3. Never go to bed with wet hair


Woman taking a photo in the mirror at a hair salon.

She avoid going to sleep with wet hair.

Provided by Faye Bradley

“You’ll get sick!” my mom would yell every time I tried to crawl into bed with damp hair.

I used to roll my eyes, but now, decades later, I have to admit she was right. Sleeping with wet hair often leaves me stiff, chilled, and inexplicably irritable — not just uncomfortable, but subtly disruptive to my body’s rhythm and sleep quality.

For me, blow-drying signals closure: a pause at the end of the day and a small act of respect for my body. By keeping warm and dry before bed, I wake up more rested, my muscles looser, and my mind calmer.

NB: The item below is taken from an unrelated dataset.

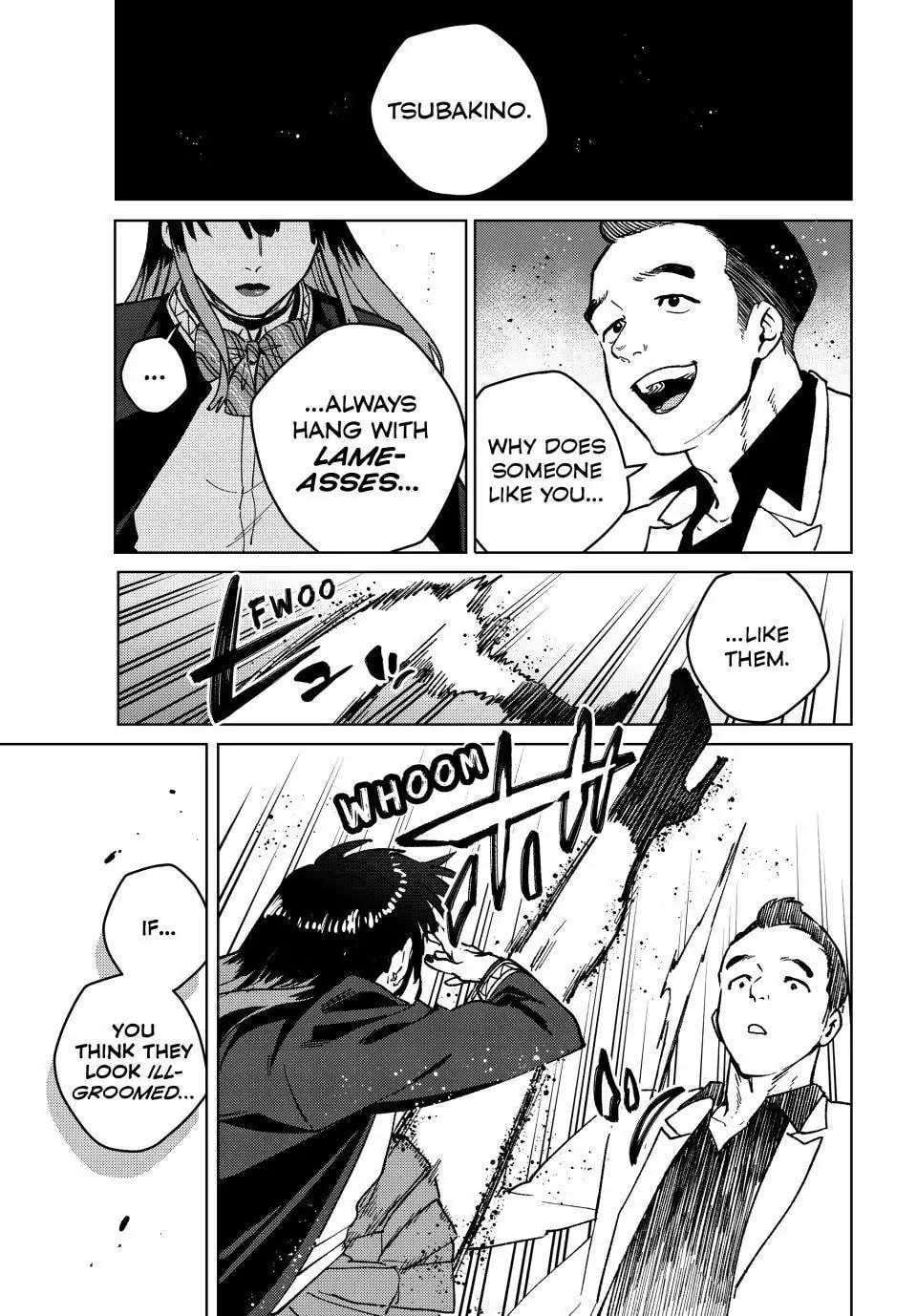 Page 12 of Chapter 118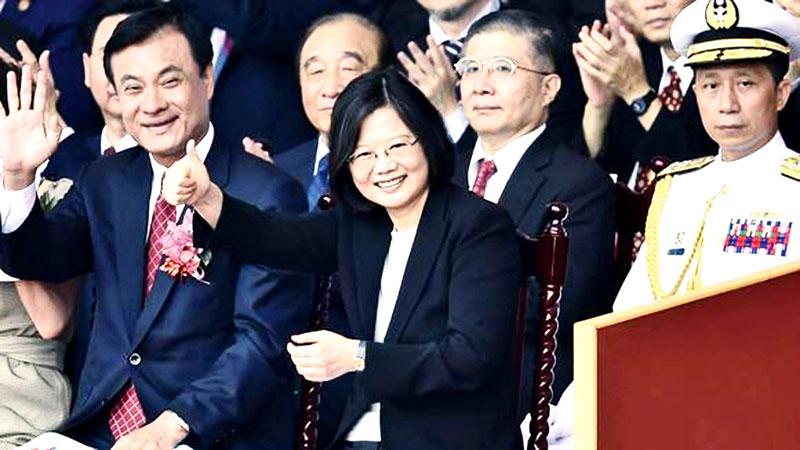 Taiwan President Tsai Ing-wen (centre) (Photo: SAM YEH, AFP/Getty Images)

4. Don’t underestimate the rice cooker


Black rice cooker plugged in.

Rick cookers can do more than make rice.

Provided by Faye Bradley

I remember heading off to university in the UK and asking my future British flatmates in a group chat whether anyone was bringing a rice cooker. “What’s that?” they replied. “We just boil rice in a pan.” I was stunned. When I moved in, I quickly realized I couldn’t live without one. It makes the rice taste better.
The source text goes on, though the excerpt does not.